In questa sua seconda personale in Italia, presentata da Monica De Cardenas dal 18 maggio fino al 28 luglio, l’artista israeliano, nipote d’arte (il nonno era il pittore di origine rumena Reuven Rubin, primo ambasciatore di Israele in Romania), Gideon Rubin (Tel Aviv, 1973) espone in prima mondiale un ciclo di 13 piccoli dipinti in cui evoca gli eleganti e raffinati ritratti femminili erotici («squisite immagini [che] hanno continuato a riflettersi nei miei pensieri anche dopo il ritorno nel mio studio a Londra, confessa.

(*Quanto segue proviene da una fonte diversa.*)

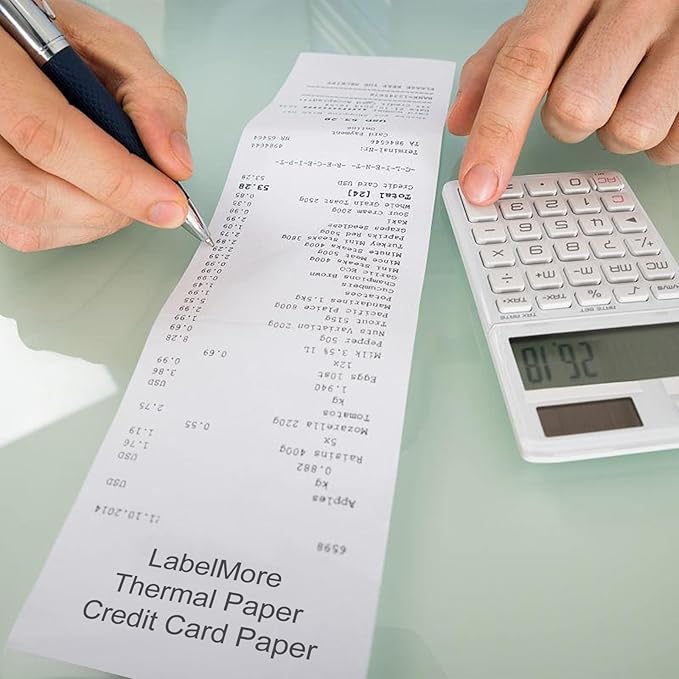 LabelMore 2-1/4" x 85' Thermal Paper Tape Cash Receipt Paper Rolls Premium POS Printer Paper (10 Rolls)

I 13 dipinti si concentrano sulle donne protagoniste delle fotografie e su alcuni uomini che ho immaginato») scattati da Carlo Mollino (Torino, 1905-1973).
Di quegli scatti, allora giudicati «osé», realizzati negli anni ’60 con la polaroid dall’architetto, designer, pilota, gran sciatore e grande esteta torinese, Rubin elide i volti delle protagoniste.
Non certo per pruderie, come in questo caso si potrebbe ipotizzare, ma perché questa è la cifra dell’artista, che ritrae in spazi indefiniti e atemporali figure solitarie, soprattutto femminili, di spalle o con i lineamenti cancellati, riuscendo tuttavia a generare un’esperienza di condivisione e d’intimità.
Di «tepore» emotivo, si vorrebbe dire, suggerito anche dai colori delicati di cui si serve per dipingere, con sapienza luministica antica, quelle nuche scoperte e indifese, quelle ciocche di capelli un po’ spettinate, quelle giovani spalle nude che occupano, in primo piano, i suoi dipinti. Figure di cui, pur anonime e inconoscibili come sono, possiamo individuare sentimenti e stati d’animo.
Quattro di queste immagini di una giovane donna di spalle, con una lunga treccia, dipinta su tele di grandezza crescente, accompagnano le 13 opere in cui Rubin ha reso omaggio a Mollino, che danno il titolo a questa rassegna intitolata semplicemente «Rubin - 13».